1. A process for selectively removing nitrogen containing compounds from tobacco, comprising the steps of:

mixing a first tobacco containing material with an aqueous solvent to form an extract and a first tobacco residue;

separating said first tobacco residue from said extract;

contacting said extract with an adsorbent material, wherein said adsorbent material is selected from the group consisting of a bentonite and activated carbon material, cellulose acetate, β-cyclodextrin and combinations thereof; and

introducing said extract to a second tobacco containing material.

2. The process of claim 1 wherein said mixing of said first tobacco containing material with an aqueous solvent is at about 60° to about 90° C. for about 15 to about 30 minutes.

3. The process of claim 1 wherein said mixing of said first tobacco containing material with an aqueous solvent is carried out with about one part of tobacco to about eleven to fifteen parts of water.

4. The process of claim 1 wherein said separating of said first tobacco residue from said extract is accomplished by centrifuge or by filtration.

5. The process of claim 1 wherein said contacting an extract with an adsorbent material is carried out by passing said extract through a packed column having said adsorbent.

6. The process of claim 1 wherein said contacting an extract with an adsorbent material is accomplished by re-circulating said extract with said adsorbent.

7. The process of claim 6 wherein said extract is separated from said adsorbent material by centrifuge or filtration.

8. The process of claim 1 wherein said adsorbent material has bentonite and activated carbon.

9. The process of claim 8 wherein said adsorbent has about one part of activated carbon for one part of bentonite.

10. The process of claim 8 wherein said adsorbent has about two parts of activated carbon for one part of bentonite.

11. The process of claim 8 wherein said adsorbent has about three parts of activated carbon for one part of bentonite.

12. The process of claim 8 wherein said adsorbent has about four parts of activated carbon for one part of bentonite.

13. The process of claim 8 wherein said adsorbent has about two parts of bentonite for one part of activated carbon.

14. The process of claim 1 wherein said adsorbent material has cellulose acetate.

15. The process of claim 1 wherein said adsorbent material has β-cyclodextrin.

16. The process of claim 1 wherein said process includes a step of concentrating said extract forming a concentrated extract, wherein said concentrating step follows said step of separating said first tobacco containing material from said extract.

17. The process of claim 1 wherein said second tobacco containing material is said first tobacco residue.

18. An adsorbent for selective removal of nitrogen containing compounds from an aqueous tobacco extract, wherein said adsorbent is selected from the group consisting of a bentonite and activated carbon material, cellulose acetate, β-cyclodextrin and combinations thereof.

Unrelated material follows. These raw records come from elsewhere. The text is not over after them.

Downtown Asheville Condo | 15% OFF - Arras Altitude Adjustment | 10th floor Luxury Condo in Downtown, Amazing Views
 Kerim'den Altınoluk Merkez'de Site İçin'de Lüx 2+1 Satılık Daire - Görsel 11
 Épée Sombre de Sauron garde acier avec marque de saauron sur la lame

19. The adsorbent of claim 18 wherein said bentonite and activated carbon material comprises bentonite and activated carbon in a ratio of about one part of bentonite to about one part of activated carbon.

20. The adsorbent of claim 18 wherein said bentonite and activated carbon material comprises bentonite and activated carbon in a ratio of about one part of bentonite to about two parts of activated carbon.

21. The adsorbent of claim 18 wherein said bentonite and activated carbon material comprises bentonite and activated carbon in a ratio of about one part of bentonite to about three parts of activated carbon.

22. The adsorbent of claim 18 wherein said bentonite and activated carbon material comprises bentonite and activated carbon in a ratio of about one part of bentonite to about four parts of activated carbon.

23. The adsorbent of claim 18 wherein said bentonite and activated carbon material comprises bentonite and activated carbon in a ratio of about two parts of bentonite to about one part of activated carbon.